Il manque, au bas mot, 150 millions de crédits cette année par rapport à ce que vous-même aviez proposé d’inscrire dans cette loi de programmation et de réforme pour la justice, que le Parlement avait non seulement acceptée, mais souhaitée. Nous avions d’ailleurs souhaité davantage de moyens.

Plusieurs constatations apparaissent aujourd’hui : une baisse de 45,6 % des investissements pour la justice judiciaire ; une baisse de 3,35 % du fonctionnement de l’administration pénitentiaire ; une baisse de 2,5 % de la conduite et du pilotage de la politique de la justice ; une baisse de 20 % pour le support à l’accès au droit et à la justice. Par ailleurs, pour ce qui est des places de prison, je tiens à souligner qu’elles bénéficient de crédits en augmentation, comme d’ailleurs l’ensemble de l’administration pénitentiaire. Des postes seront créés, mais souvent, ces créations ne serviront qu’à combler les très nombreuses vacances.

Mais, vous le savez, madame la ministre, jamais autant de personnes n’ont été incarcérées en France, et la France est le seul pays européen dans lequel le nombre de détenus augmente dans ces proportions. Ce nombre a atteint un nouveau record avec 71 828 personnes détenues au 1er avril 2019. Cela pose de nouveau, avec une acuité toute particulière, la question de la mise en œuvre efficace et effective des alternatives à la détention, sujet sur lequel les nécessaires réponses ne nous paraissent pas être au rendez-vous face à cette surpopulation qui appellerait l’augmentation sensible de ces mesures.

En outre, s’agissant des mesures annoncées lors du Grenelle contre les violences conjugales, auquel vous avez participé, madame la ministre, nous pouvons craindre que les crédits annoncés ou supposés ne soient inférieurs aux besoins nécessaires pour lutter efficacement contre les violences faites aux femmes.

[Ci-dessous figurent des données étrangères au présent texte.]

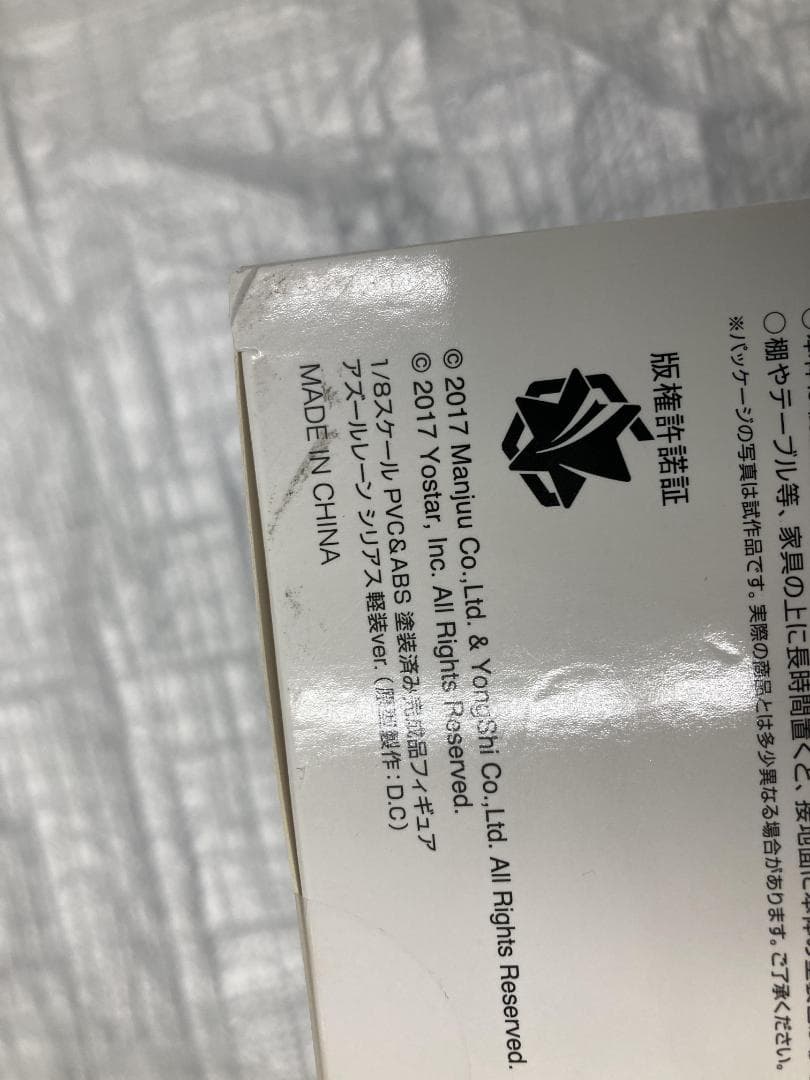 新品未開封 アズールレーン シリアス 軽装ver. 1/8 わんだらー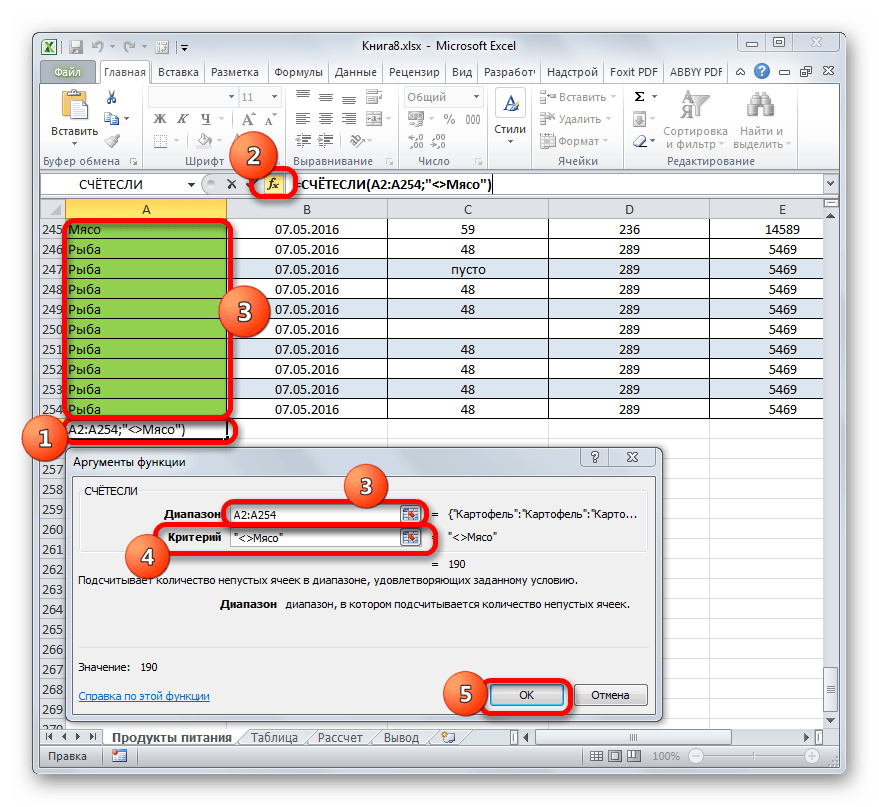 Окно аргументов функции СЧЁТЕСЛИ в программе Microsoft Excel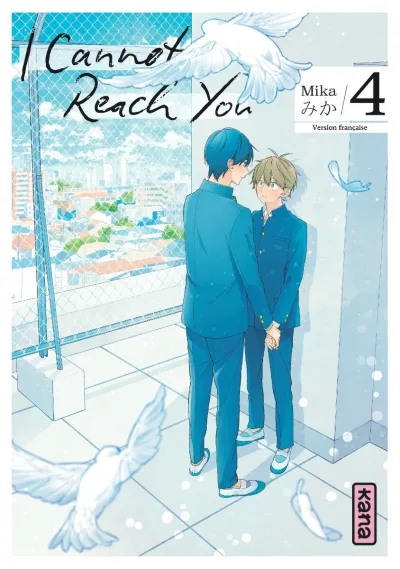 Cover of Volume #4
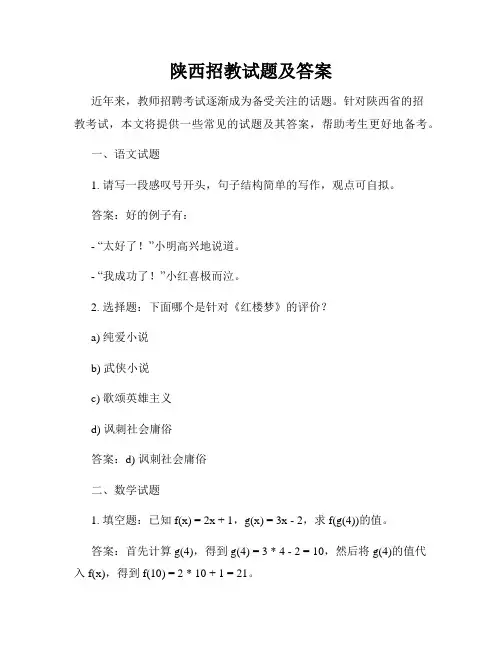 陕西招教试题及答案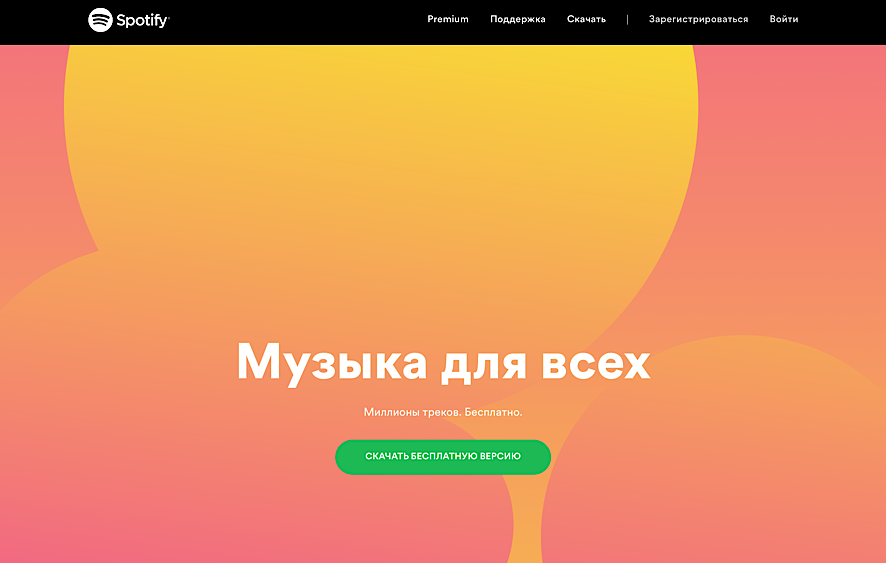 Глава Spotify в России: «Мы видим взрывной интерес пользователей»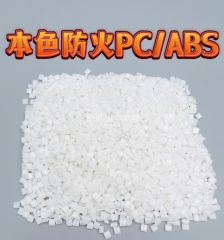 PC/ABS 本色合金阻燃 V0级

J’ajoute que l’accès à la justice et l’aide juridictionnelle sont remis en cause par une baisse des crédits de près de 22 millions d’euros en 2020. Et nous sommes plus que sceptiques sur les dispositions votées par l’Assemblée nationale pour l’aide juridictionnelle.

Il ne nous paraît pas justifié de prendre comme indicateur le seul revenu fiscal de référence, et non plus les revenus de toute nature.

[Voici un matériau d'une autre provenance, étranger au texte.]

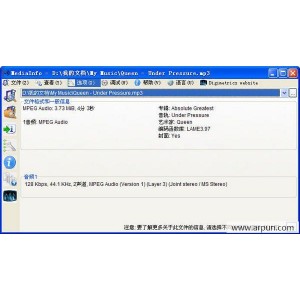 「腾讯视频+v11去广告绿版神器」全网高码率最新欧美番剧尽享其中！超前高清视听享受！是你最佳之选！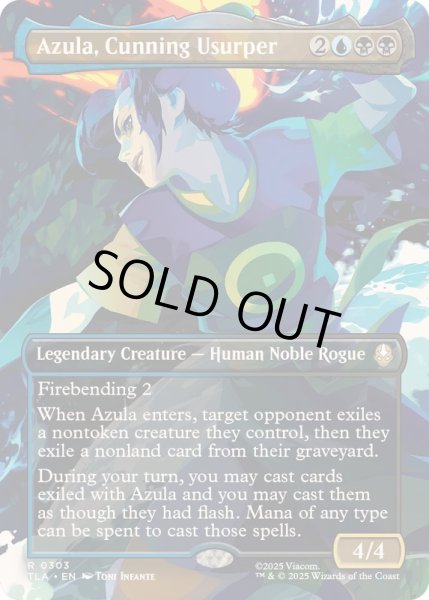 画像1: [EX+](FOIL)(フルアート)狡猾な簒奪者、アズーラ/Azula, Cunning Usurper《英語》【TLA】 (1)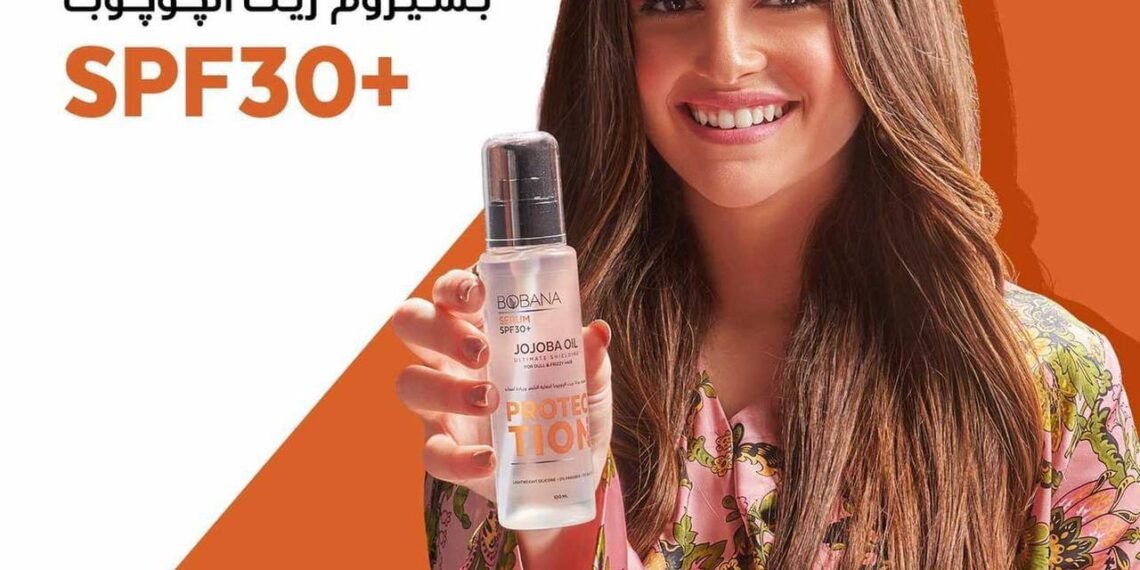 White لمستحضرات التجميل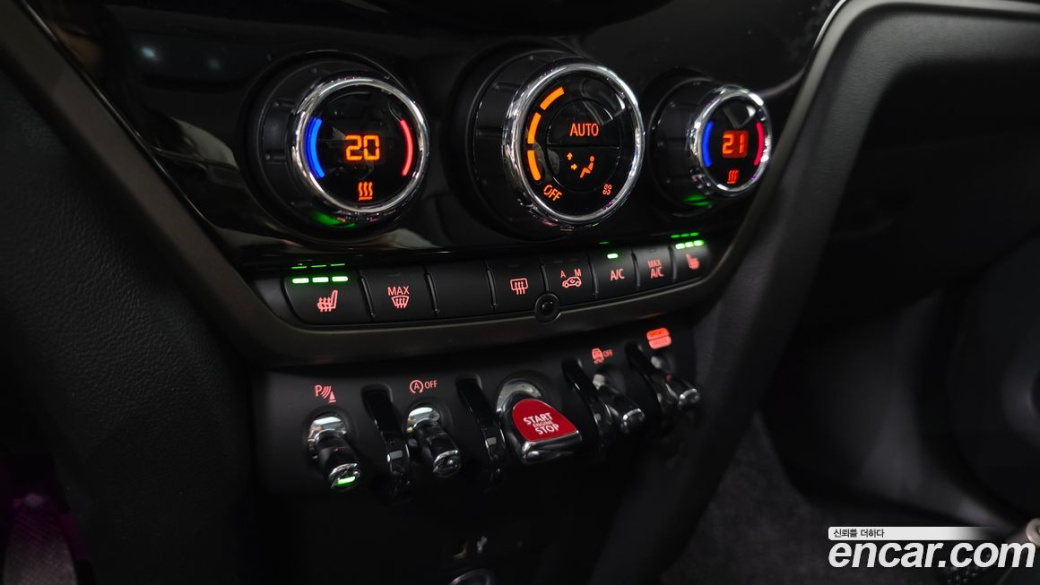 Mini Countryman Classic, 2023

Nous ne sommes pas favorables non plus à la suppression de l’obligation de disposer d’un bureau d’aide juridictionnelle dans chaque TGI, c’est-à-dire d’un point d’accès à cette aide financière. Il ne nous semble pas justifié d’écarter un certain nombre de publics en vertu d’une « politique uniforme » des bureaux d’aide juridictionnelle.

Nous devons rester très attentifs aux besoins d’aide juridictionnelle, ce qui n’est pas le cas de ce budget, qui voit les crédits pour l’aide juridictionnelle diminuer.

Je veux aussi aborder la question de la spécialisation des tribunaux. Certains craignent qu’elle ne serve de palliatif à l’idée de supprimer des juridictions.

Madame la ministre, vous avez affirmé clairement que toutes les juridictions seraient maintenues, mais si certaines sont déchargées d’une partie de leurs prérogatives, cela pourrait poser des problèmes. Vous avez dit que rien ne serait imposé sans l’accord des juridictions elles-mêmes.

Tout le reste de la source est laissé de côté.